Sollten Sie also einen solchen Gartenplatz anlegen wollen, stecken Sie alle Liebe und Zuneigung zu Ihrem Garten und nicht zuletzt zu sich selbst in die Planung. Stellen Sie sich vor, wo Sie die Töpfe stapeln werden, welches Mobiliar Sie brauchen, ob Pflanztisch, kleine Stellage für die Zöglinge oder Ähnliches. Überlegen Sie, wo Sie die Erde aufbewahren wollen, in abgedeckten Maurerwannen etwa, was sich als extrem praktisch erwiesen hat. Möglicherweise gibt es auch einen kleinen, auf einfache Weise überdachten Bereich, wo Sie sitzen, die Pflanztöpfe und Ihre erdigen Hände betrachten, dem Regenpfeifer zuhören und vollkommen zufrieden sein können, wenn sich linder Sommerregen über das Land senkt.

Lexikon

Stecklingspflanzen.Jetzt, im Herbst, versuchen Sie vor allem die Vermehrung von winterharten verholzenden Pflanzen.

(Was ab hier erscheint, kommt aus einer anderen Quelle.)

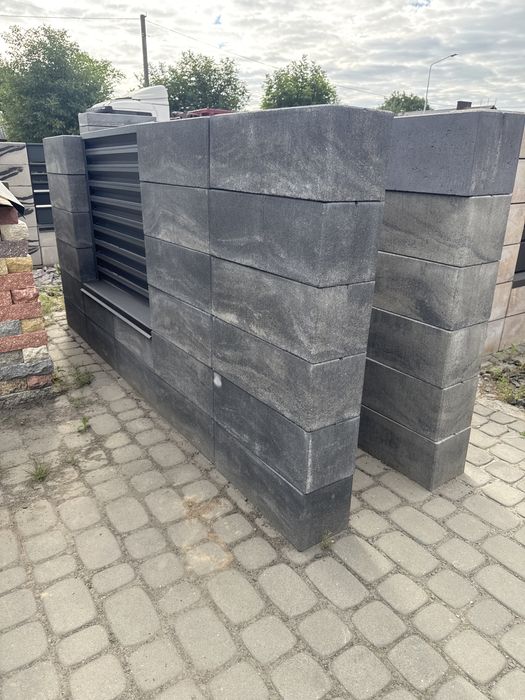 Блоки модульні!!! Блоки та цегла для огорожі, паркану, забору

Treibhausklima. In vielen Fällen, wie gesagt, empfehlenswert, doch kontrollieren Sie die Feuchtigkeit ab und zu. Zu viel davon ist auch nicht gut: Fäulnisgefahr!

Maurerwanne. Das sind die langlebigen schwarzen Kunststoffwannen aus dem Baumarkt, in der Maurer den Mörtel anzurühren pflegen. Eine der praktischsten Erfindungen überhaupt, für unzählige Zwecke geeignet. Braucht für die Erdaufbewahrung natürlich eine Abdeckung.